* _EXERCISE BRIEF_: Leaving out any pictures, transcribe every record exactly.

Records from a collection:
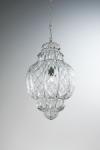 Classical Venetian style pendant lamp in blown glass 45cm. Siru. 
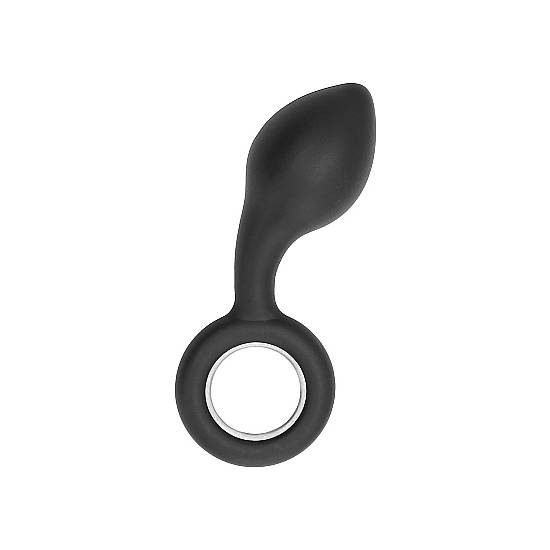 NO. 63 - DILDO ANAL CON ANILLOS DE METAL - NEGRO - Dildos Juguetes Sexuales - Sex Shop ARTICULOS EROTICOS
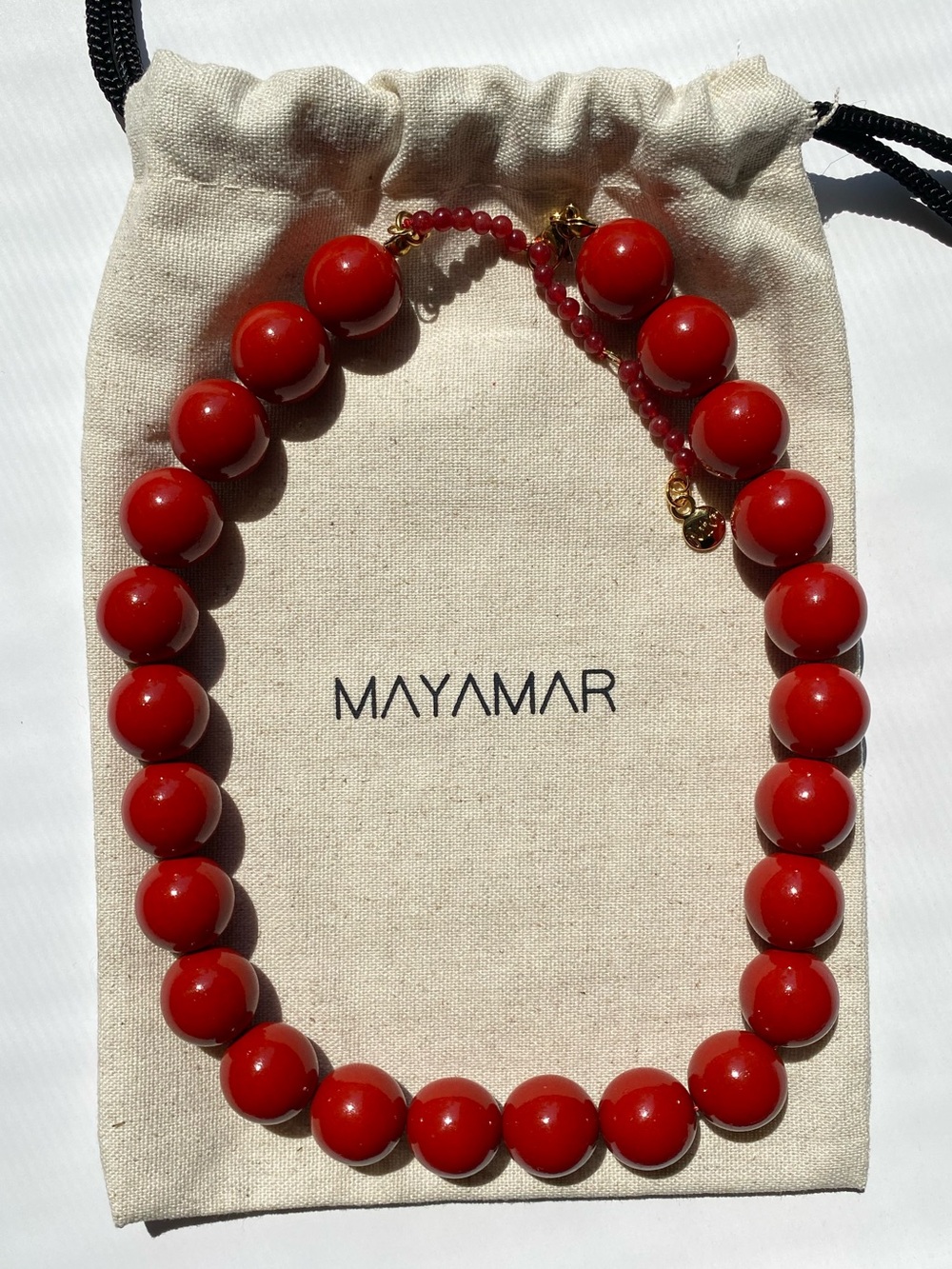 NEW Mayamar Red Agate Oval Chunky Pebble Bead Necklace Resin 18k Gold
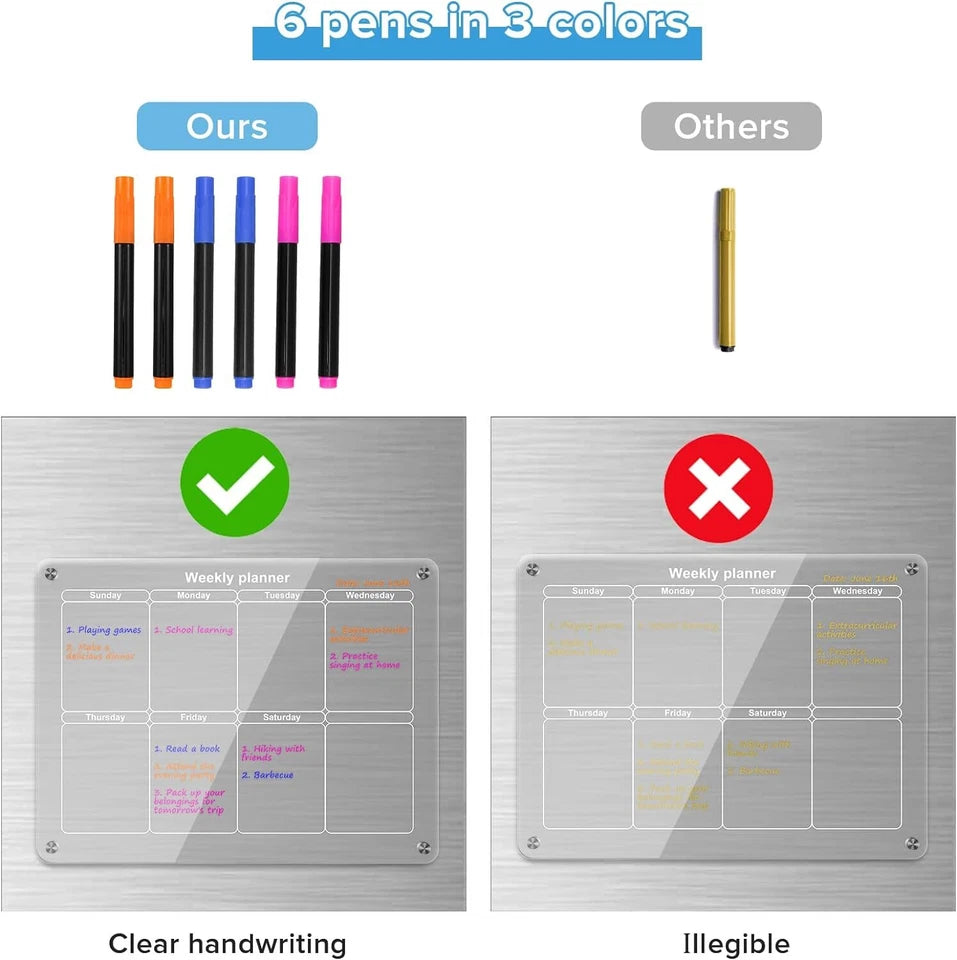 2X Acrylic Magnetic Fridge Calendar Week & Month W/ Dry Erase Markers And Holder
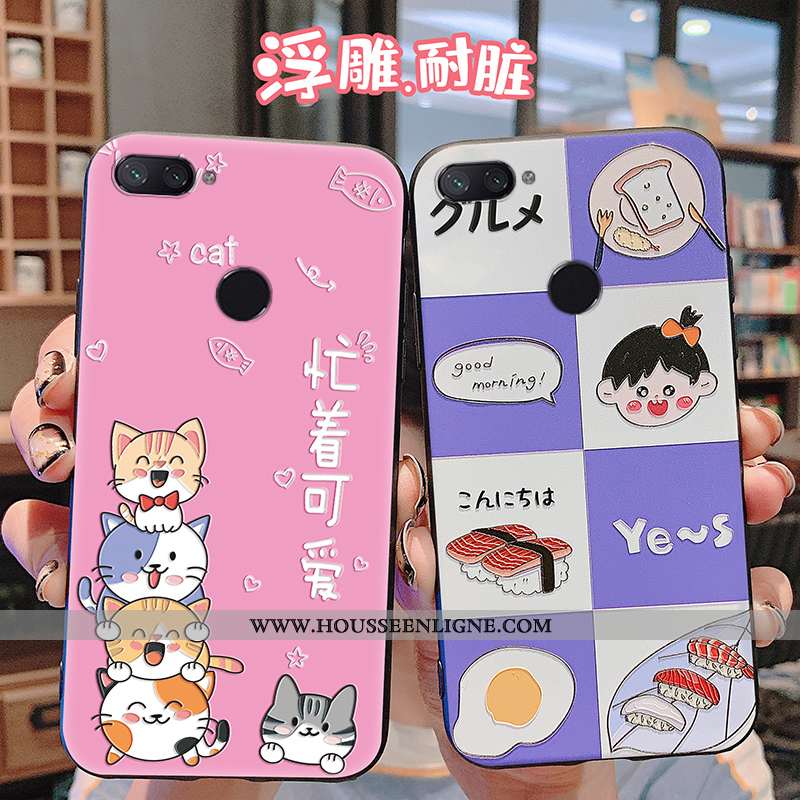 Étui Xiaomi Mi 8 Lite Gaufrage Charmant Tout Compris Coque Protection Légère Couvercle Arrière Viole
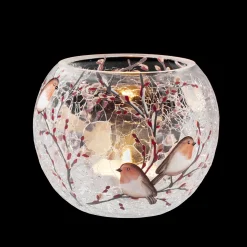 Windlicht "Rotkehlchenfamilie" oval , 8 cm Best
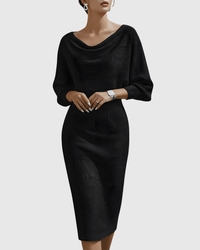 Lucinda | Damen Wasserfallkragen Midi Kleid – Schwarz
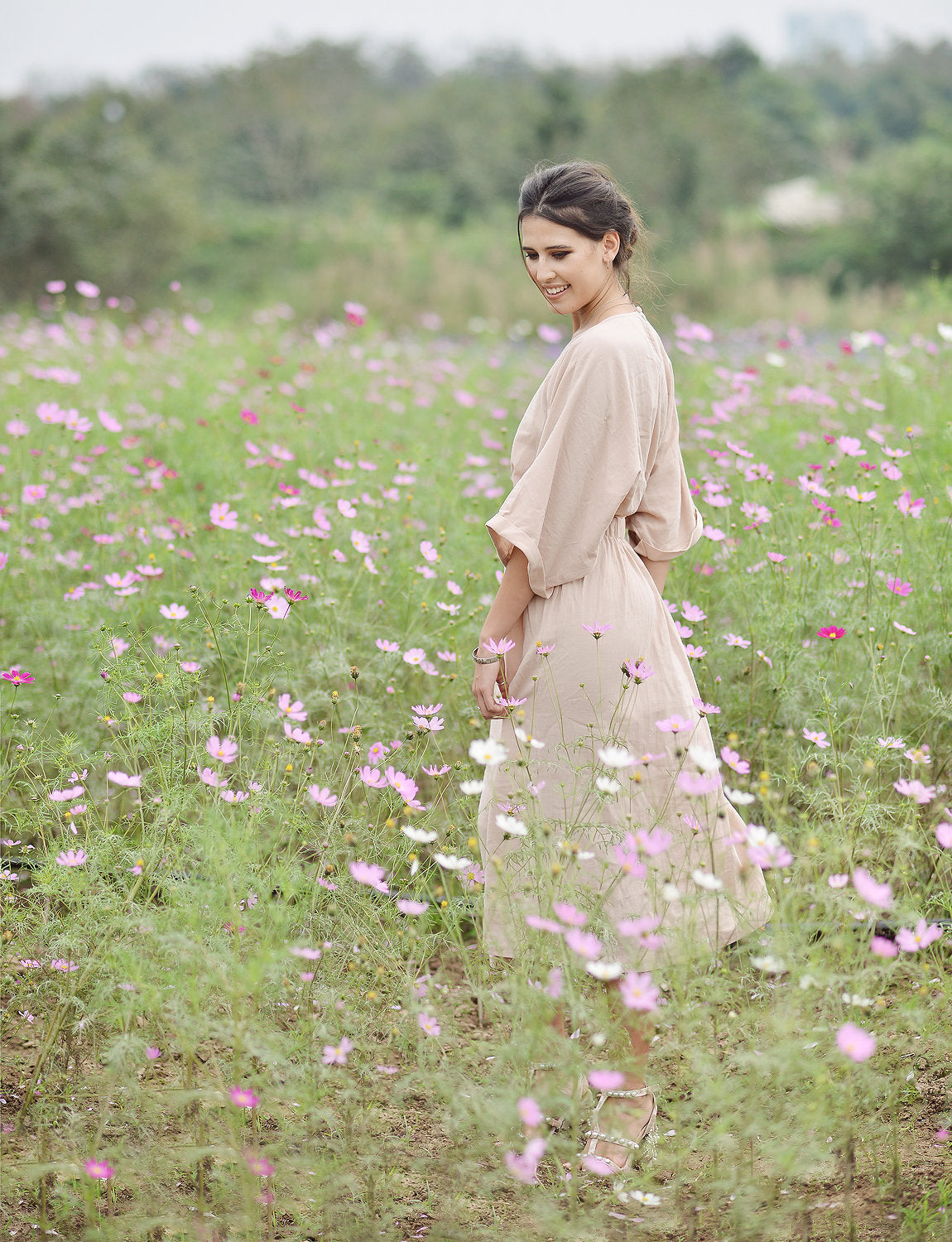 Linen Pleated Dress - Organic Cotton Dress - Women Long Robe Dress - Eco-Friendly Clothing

* _SOLUTION BELOW_:
 Classical Venetian style pendant lamp in blown glass 45cm. Siru. 
 NO. 63 - DILDO ANAL CON ANILLOS DE METAL - NEGRO - Dildos Juguetes Sexuales - Sex Shop ARTICULOS EROTICOS
 NEW Mayamar Red Agate Oval Chunky Pebble Bead Necklace Resin 18k Gold
 2X Acrylic Magnetic Fridge Calendar Week & Month W/ Dry Erase Markers And Holder
 Étui Xiaomi Mi 8 Lite Gaufrage Charmant Tout Compris Coque Protection Légère Couvercle Arrière Viole
 Windlicht "Rotkehlchenfamilie" oval , 8 cm Best
 Lucinda | Damen Wasserfallkragen Midi Kleid – Schwarz
 Linen Pleated Dress - Organic Cotton Dress - Women Long Robe Dress - Eco-Friendly Clothing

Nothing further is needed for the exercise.